All told, Microsoft correctly predicted eight out of October's 20 vulnerabilities' exploitability, an accuracy rate of 40%. (One of the month's 21 bugs did not receive a rating, as Microsoft said public exploit code was already circulating, making a label moot.)

That accuracy rate was down slightly from what Microsoft claimed during a five-month internal run of the index before it announced the program in August at the Black Hat security conference. According to a presentation Reavey gave at the conference, during that the five months it assigned ratings, Microsoft correctly predicted the exploit code availability of 17 out of 36 bugs, for an accuracy rate of 47%.

October's showing didn't faze Reavey, who said what is key is that Microsoft nailed the four for which exploit code was unlikely. “It's important that we don't rate something less likely [to have exploit code] than it turns out to be,” he said, “because then customers would have inaccurate information for prioritizing patches.”

Microsoft has promoted the index as another piece of information that users, particularly enterprises, can use to decide which vulnerabilities should be patched immediately, and which ones can wait.

That's how John Pescatore , an analyst and research fellow at Gartner Inc. , sees it as well. “Take a month like October, where you have a lot of criticals,” Pescatore said, referring to Microsoft's most serious ranking in its four-step threat scoring system. “If you're trying to decide which to patch first, you can next look at the [Exploitability] Index to rank the criticals and prioritize your patching.”

While he agreed with Microsoft on the use of the predictions, he questioned their worth. “That's the only thing it's good for,” he said, “to prioritize your patching. I don't think there's any accuracy here. Microsoft doesn't have a real way of forecasting exploits.”

When Microsoft first briefed Pescatore about the index last summer, he said his response was: “What does this mean to me? Consistent, inconsistent, it's still not enough data.

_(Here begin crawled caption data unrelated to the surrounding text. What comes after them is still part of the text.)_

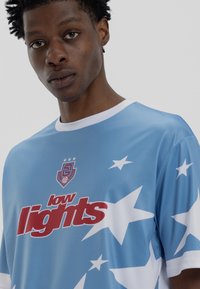 Ανοιχτό μπλε αθλητικό μπλουζάκι από λείο ύφασμα, με λευκά σχέδια αστέρων και κόκκινο κείμενο που αναγράφει "low lights". Λευκό γιακά και στολίδια στα μανίκια.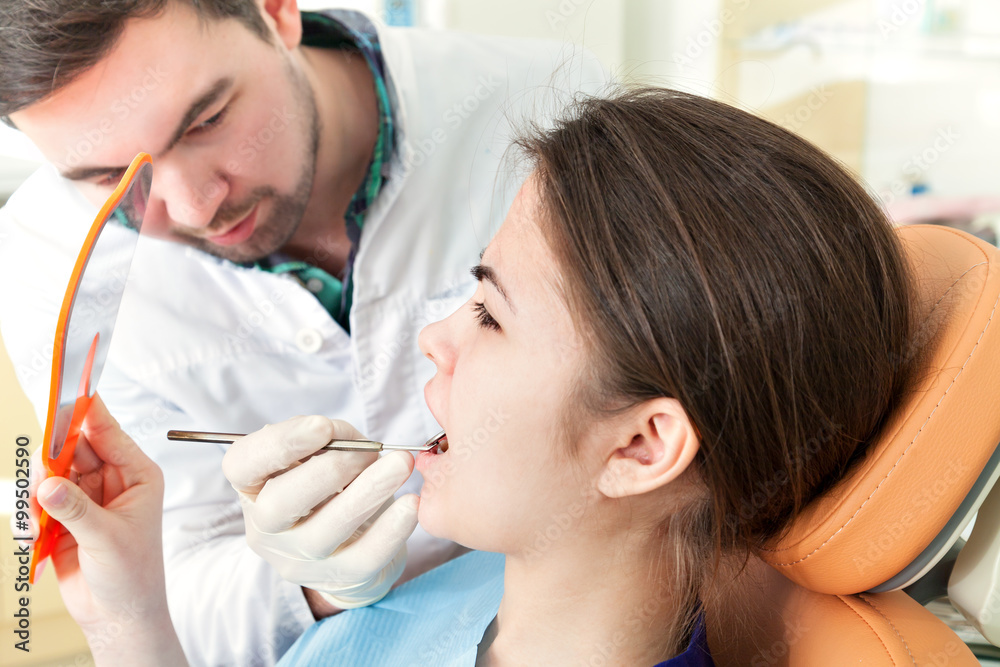 The girl on reception at the dentist's chair. The girl on reception at the dentist's chair.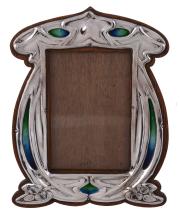 An Arts and Crafts silver and enamel photograph frame by Charles S An Arts and Crafts silver and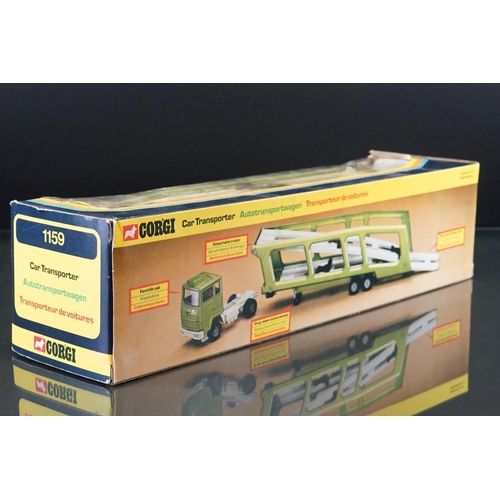 1064 - Two boxed Corgi diecast models to include Major 1144 Wrecker Truck and 1159 Car Transporter in metal... 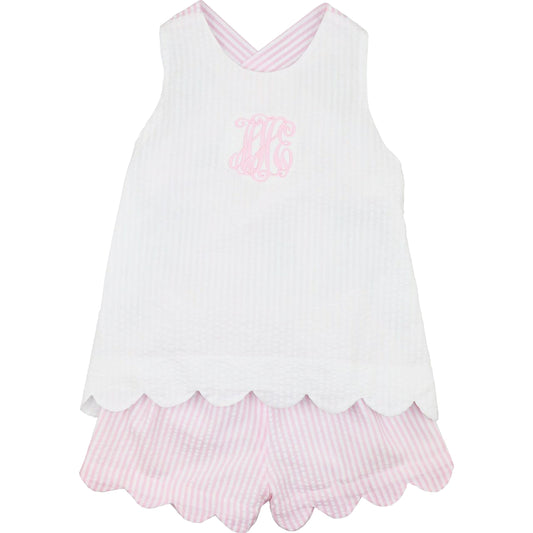 White sleeveless top with pink scalloped hem and matching shorts on a white background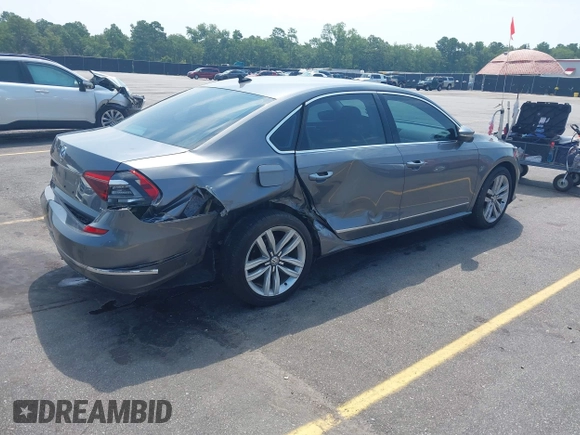 2017 Volkswagen Passat SE with VIN 1VWGT7A33HC058764, listed as a IAAI auction lot 42668036 with 76,732 mi miles and . Bid and sale history available at DreamBid. Image 4.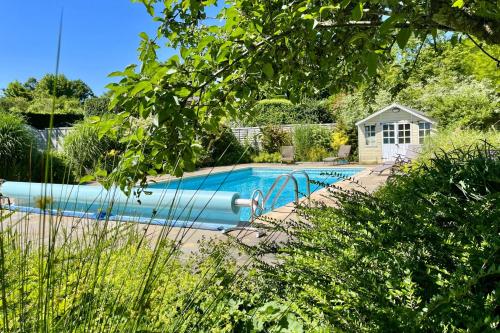 a swimming pool in a yard with a house at Bell Meadow in Coldwaltham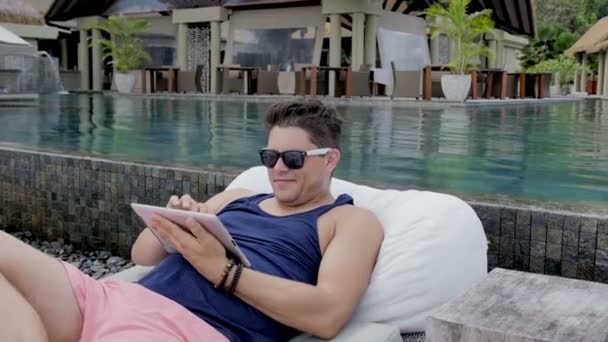 Hombre joven casual sentado junto a la piscina con tableta digital en el resort tropical . — Vídeo de stock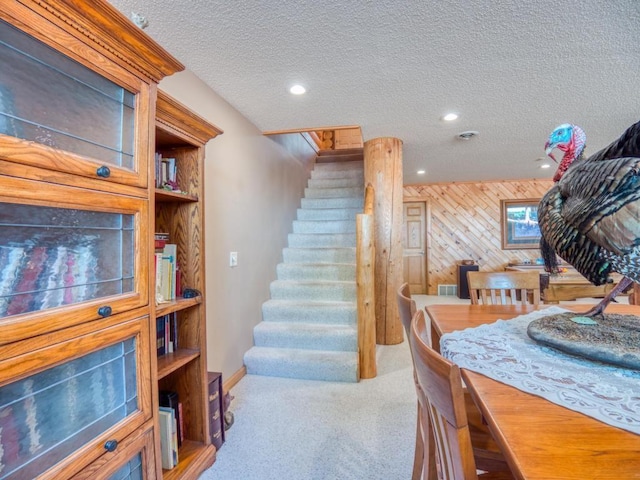 10719 Lumberjack Rd NW, Alaska Twp, MN 56667 - carpeted dining space with stairway, a textured ceiling, recessed lighting, wood walls, and baseboards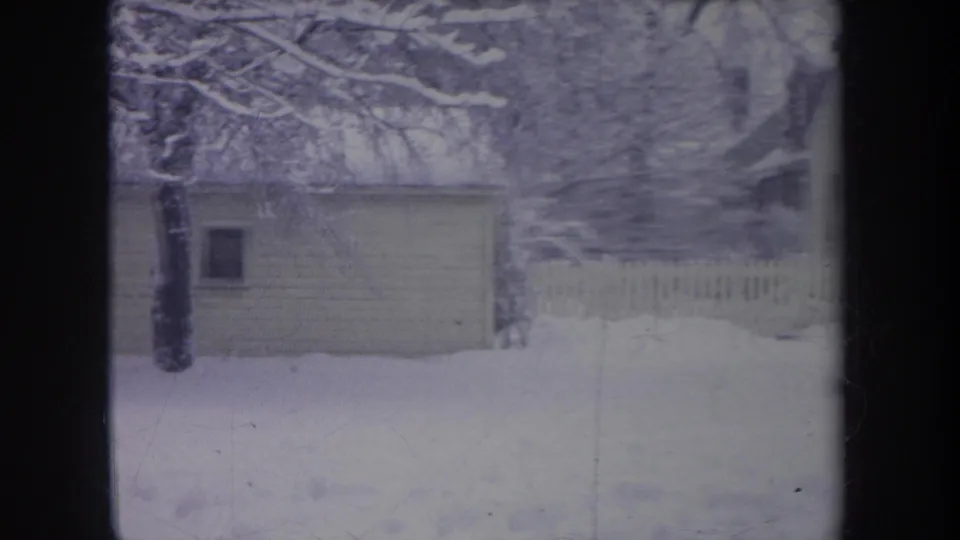 1968 Michigan home-movie view of a snowy yard with a small shed, tree, and pale picket fence in the background.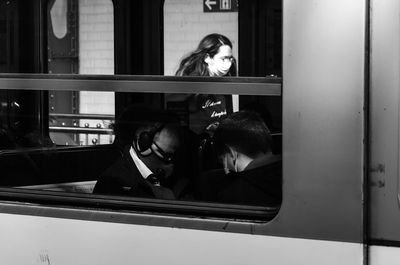 Portrait of woman looking through window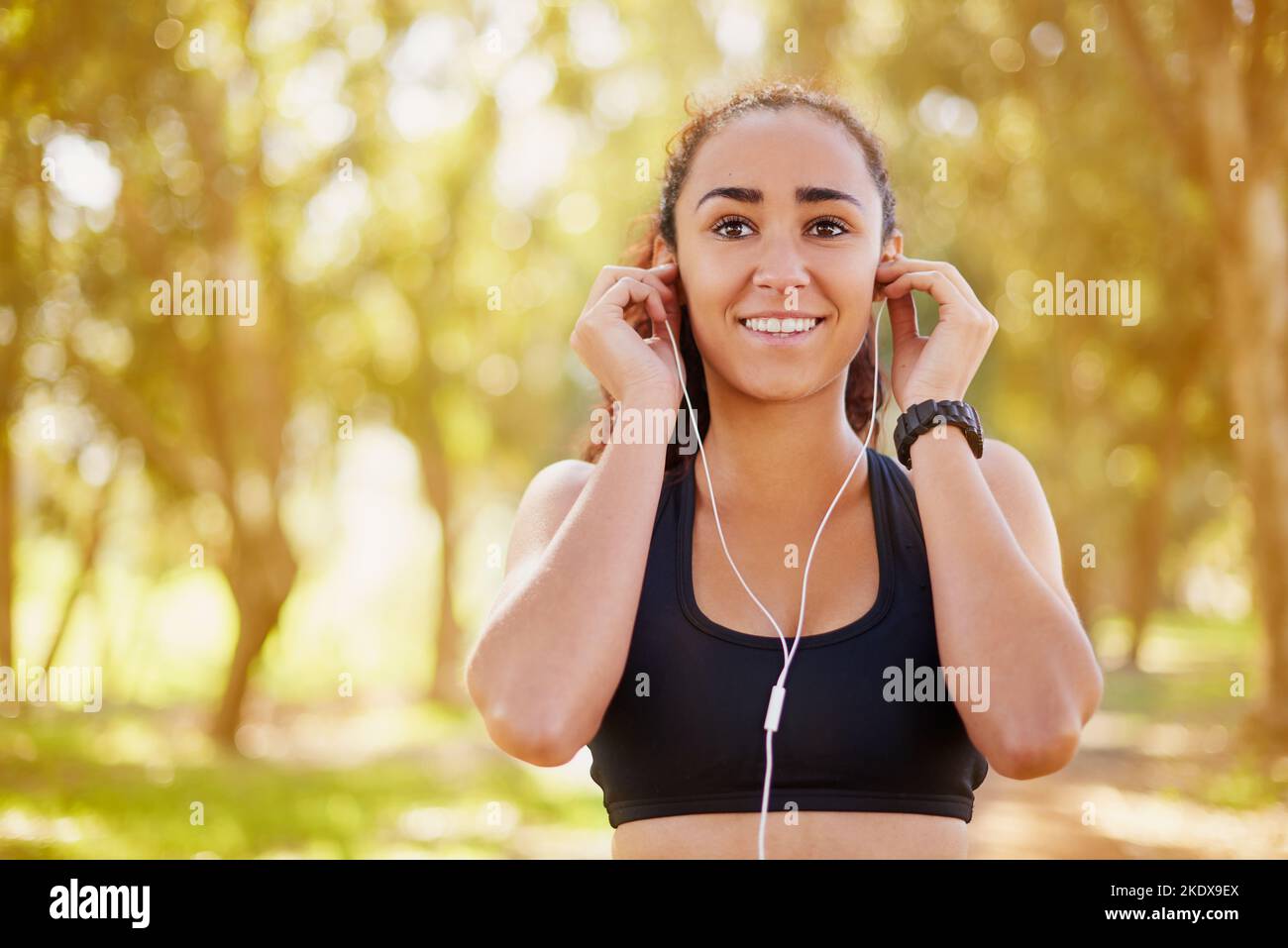 Outdoor workouts are awesome for your mood. a sporty young listening to music while working out outdoors. Stock Photo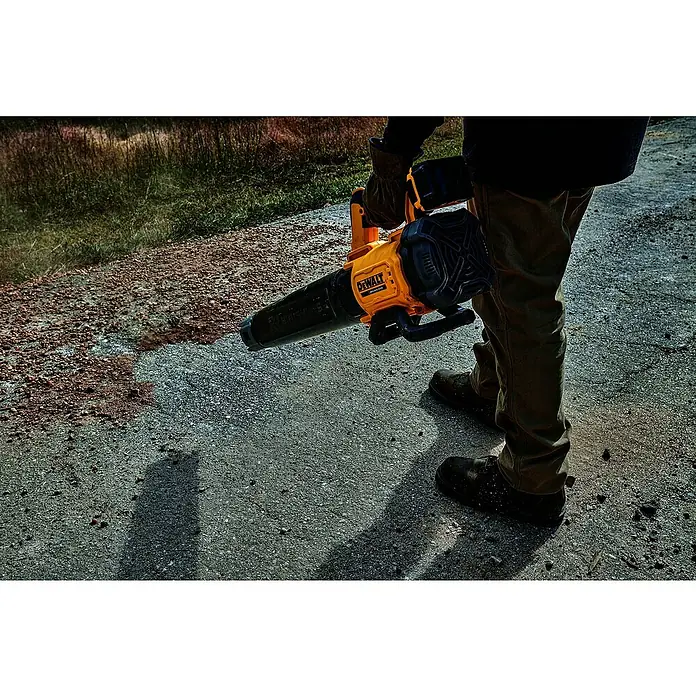 DeWalt XR 18V Akku-Gebläse DCMBL562N-XJ - 18 V, Ohne Akku, Blasgeschwindigkeit: 0 km/h - 200 km/h - Eine Person in Arbeitsstiefeln verwendet einen gelb-schwarzen DeWalt Laubbläser, um kleine Steine und Schmutz von einer grauen gepflasterten Fläche zu entfernen.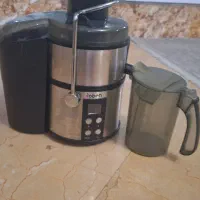 ابمیوه گیری با مخزن تفاله گیر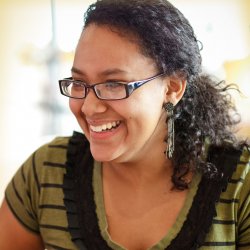 Young woman with with brown hair and glasses smiling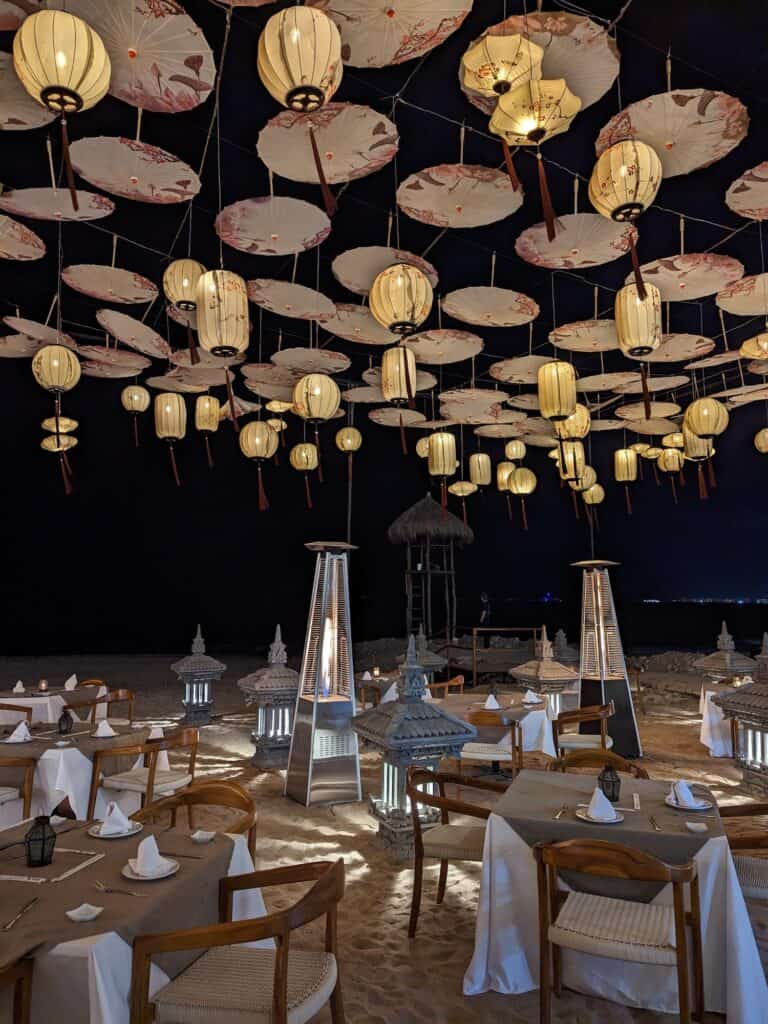 Floating lights above the tables on the beach for dinner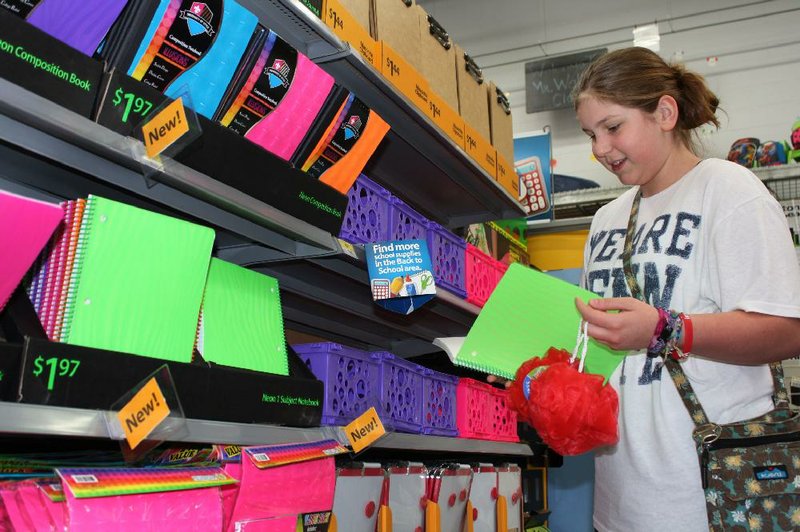 Lexie Cox looks at school supplies Friday at the Wal-Mart Supercenter on Mall Avenue in Fayetteville as she anticipates her ninth-grade classes at Ramay Junior High.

And they're erring on the fear-factor side,” he added, pointing to the large percentage of October vulnerabilities — 16 out of 20, or 75% — that Microsoft said would see some kind of exploit code in the following 30 days.

“I'd rather see them use standard CVSS (Common Vulnerability Scoring System) ratings like everyone else, because they take into consideration exploitability,” Pescatore said. The CVSS system is used by, among other organizations, the United States Computer Emergency Readiness Team (US-CERT).

Andrew Storms, director of security operations at nCircle Network Security Inc., had a slightly different take on Microsoft's prognostications. “I think it makes complete sense that they would be conservative,” he said. “They're trying to avoid the 'black swan' effect. If they ran into a black swan, it would be more detrimental on both Microsoft and its customers.”

The black swan theory posits that there will always be major, disruptive events that are impossible to predict.

“So if [the Exploitability Index] was inaccurate on the wrong side, I would be more concerned,” Storms said, nodding to the four “Functioning exploit code unlikely” ratings that Microsoft got right.

Like Pescatore, Storms also questioned the usefulness of the predictions. The existence of exploit code doesn't necessarily mean a working exploit is on the loose and attacking PCs, he said.

“There is some value for those who need another data set,” he conceded. “But it's still a little early. Most enterprises haven't been able to migrate it into their patch cycle in just 30 days. That's just too much to ask of them. Many are a month or two behind in rolling out patches.”